The little browser that could

Mozilla Firefox, the little web browser with the quirky name, has grown up fast.

Four years ago, Firefox was an obscure project Microsoft felt free to ignore. Now it has grabbed about a fifth of the market worldwide.

And while Microsoft has shipped only one upgrade to its Internet Explorer in that time, Firefox just hit its fourth major release.

Like the earlier 1.0, 1.5 and 2.0 versions, Firefox 3 - a free download for Windows 2000, XP and Vista; Mac OS X 10.4 and 10.5; and recent Linux releases at mozilla.com - makes the web easier and safer to use in a few distinct ways.

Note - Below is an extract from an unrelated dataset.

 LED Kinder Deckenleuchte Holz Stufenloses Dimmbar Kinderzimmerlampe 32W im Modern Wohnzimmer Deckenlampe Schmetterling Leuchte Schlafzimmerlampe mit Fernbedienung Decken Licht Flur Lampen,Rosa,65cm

Its tabbed browsing lets you switch among multiple sites in one window, and a small box at the top right of every window lets you direct a query to your choice of web search engines.

"Find as you type" text searching jumps to a given word on a page in moments.

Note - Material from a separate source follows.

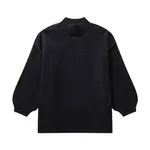 Temperament Crew Neck Simple Style Thin Sweater - Black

Its separation from the guts of Windows makes it safer and more reliable than Internet Explorer.

And Firefox's open-source code allows inspection by anybody, making for fast bug fixes.

But Firefox 3 also brings overdue changes to parts of the browsing experience that have barely budged in this decade: the bookmarks menu and the history list.

This time, Firefox developers - employees of the Mountain View, California, non-profit Mozilla, plus outside volunteers - stopped pretending that we all bookmark our favorite pages with the care of reference librarians.

Instead, they built a better history function: You don't have to remember a site's address; you have to recall only its title - or just a word or two of it.

As you start typing, Firefox will present a list of all the sites that match, then narrow that list as you continue.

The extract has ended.